C’era un tempo la rivoluzione populista -e non era molto tempo fa- in cui si dicevano molto spesso cose come “destra e sinistra sono ormai superate dalla storia, oggi la vera divisione è tra l’alto e il basso, il popolo contro le elite”.

Era il tempo in cui pareva stesse per profilarsi all’orizzonte -seppur circondato da una nube di confusione e di dubbi- una qualche possibile nuova forma di modello politico in via di definizione: il “populismo”, appunto, il quale avrebbe in qualche modo inglobato e sintetizzato in sé la vecchia dicotomia destra-sinistra per sputare fuori un nuovo tipo di concezione politica e sociale da contrapporre a quella mantenuta dal vecchio “establishment”.

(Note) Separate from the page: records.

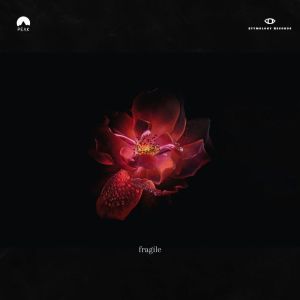 Listen to Fragile song with lyrics from Peak Twilight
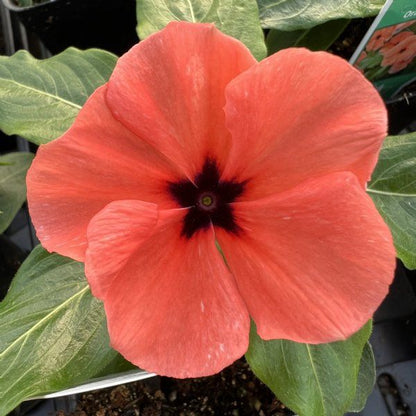 Periwinkle flower seeds
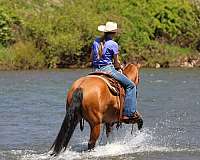 beginner-friesian-horse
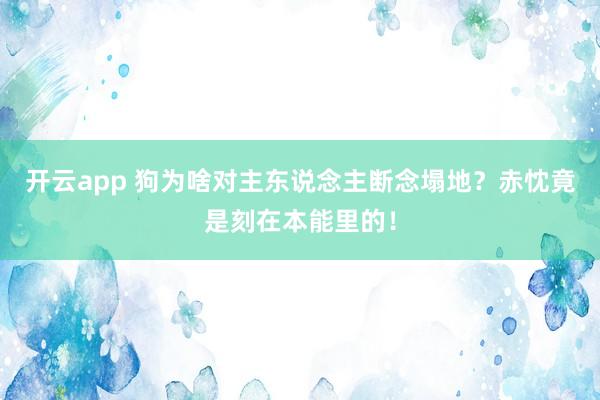 开云app 狗为啥对主东说念主断念塌地？赤忱竟是刻在本能里的！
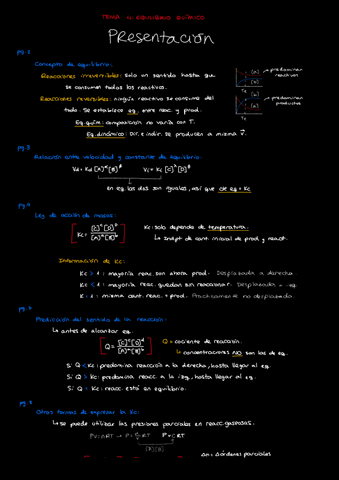 Tema-4-Equilibrio.pdf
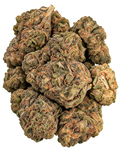 Peanut Butter Breath flower close-up on transparent background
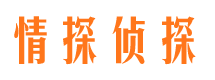 武功市调查公司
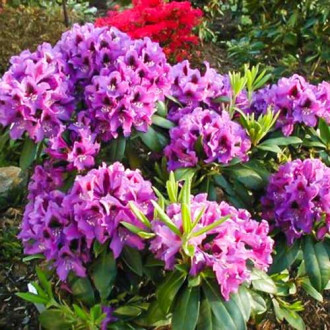 Rododendron Rasputin obrázek 3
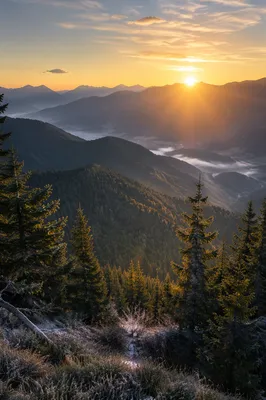 Golden Sunrise Over Evergreen Mountain Range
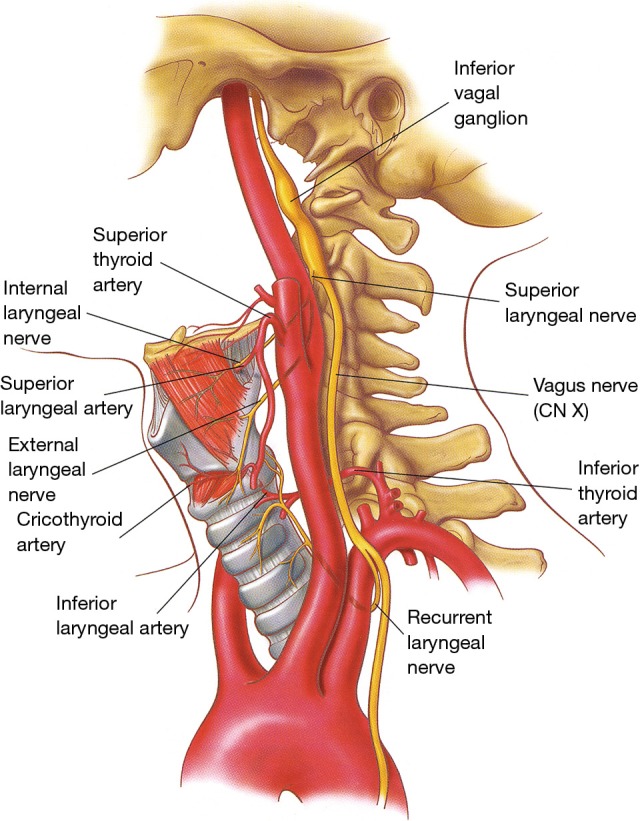 Mediastinal and hilar lymph node stations map used for lung cancer staging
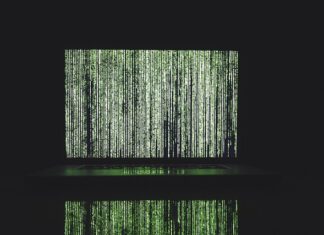 Jakie wiązania do nart zjazdowych?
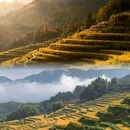 云和梯田景区 - 丽水市旅游 缩略图 4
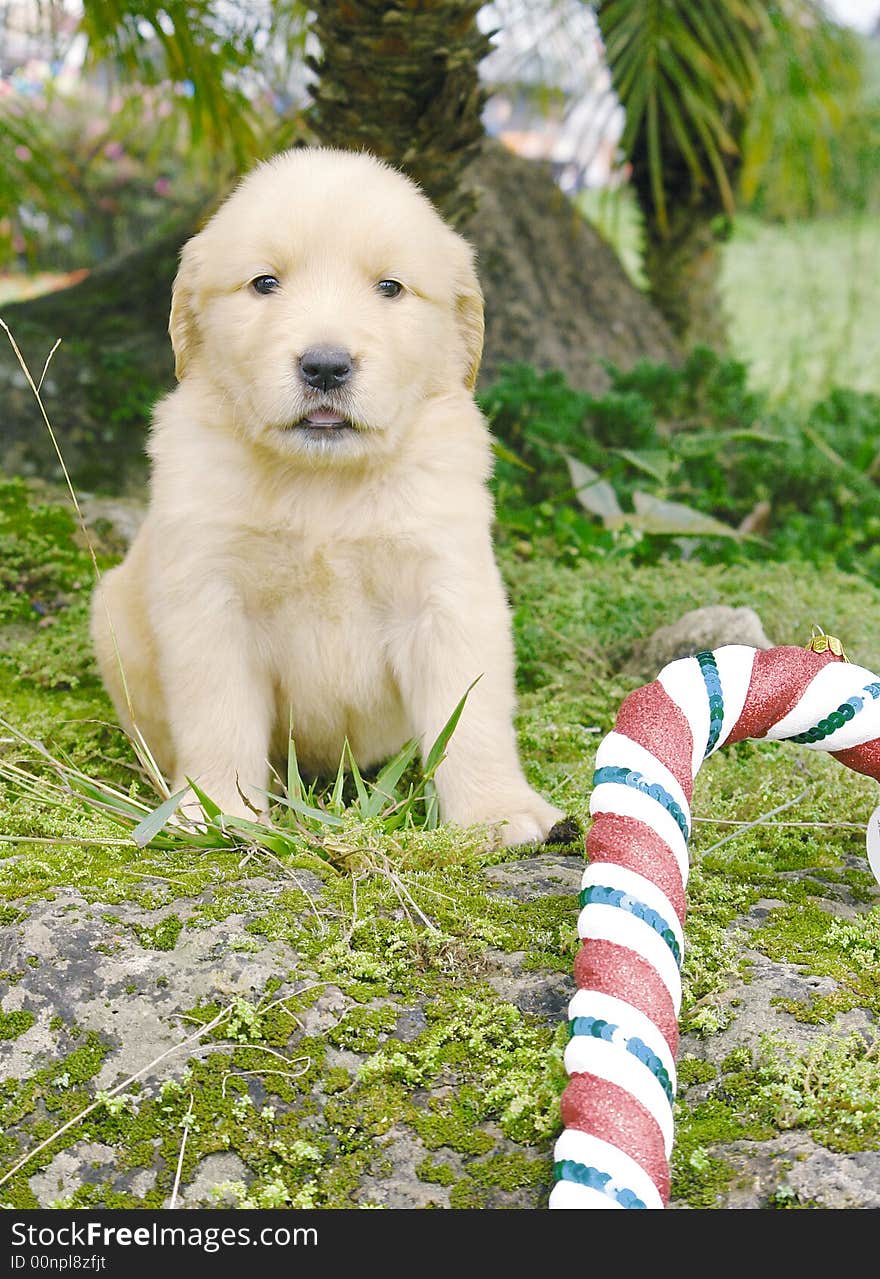 Christmas golden retriever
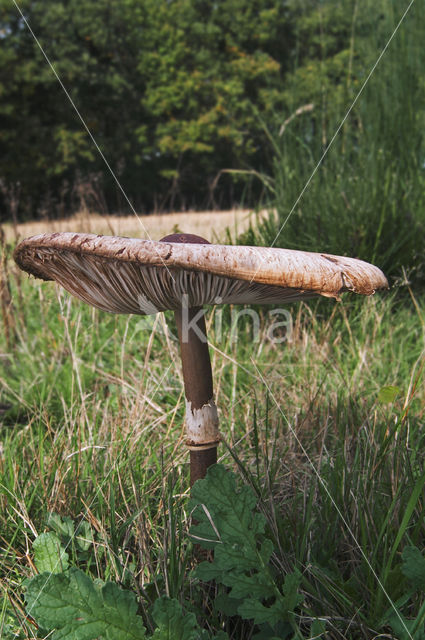 Parasol (Macrolepiota procera)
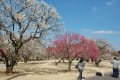 田鶴鳴梅林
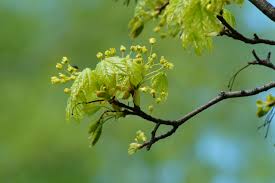 Attēlu rezultāti vaicājumam “Acer campestre flower”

Ci scrissi anche un articolo al riguardo proprio su questo sito, dove, seppur avendo già allora la cautela di affermare “se i movimenti populisti europei […] saranno capaci di tradurre le suggestioni che li abitano in un reale rinnovamento delle democrazie occidentali […] è ancora decisamente tutto da vedere” (una notevole tendenza di fondo molliccia e borghesuccia, seppur malamente nascosta dietro ad un atteggiamento radicalista, quasi a voler dire “basta, a sto punto facciamo una rivoluzioncina ma proprio solo perché non si vedono alternative migliori!” come rilevai in quest’altro articolo, già era infatti pienamente visibile anche allora), tuttavia mantenni in generale toni abbastanza ottimistici.

Per quanto invocazioni di ghigliottine, colpi di stato e fucili fossero (e siano tuttora) palesemente quasi solo chiacchiere da social atte a sfogare rabbia e frustrazione, una certa potenzialità di rinnovare le stanchissime forme istituzionali dell’occidente in favore di nuove sperimentazioni la pensavo tutto sommato plausibile.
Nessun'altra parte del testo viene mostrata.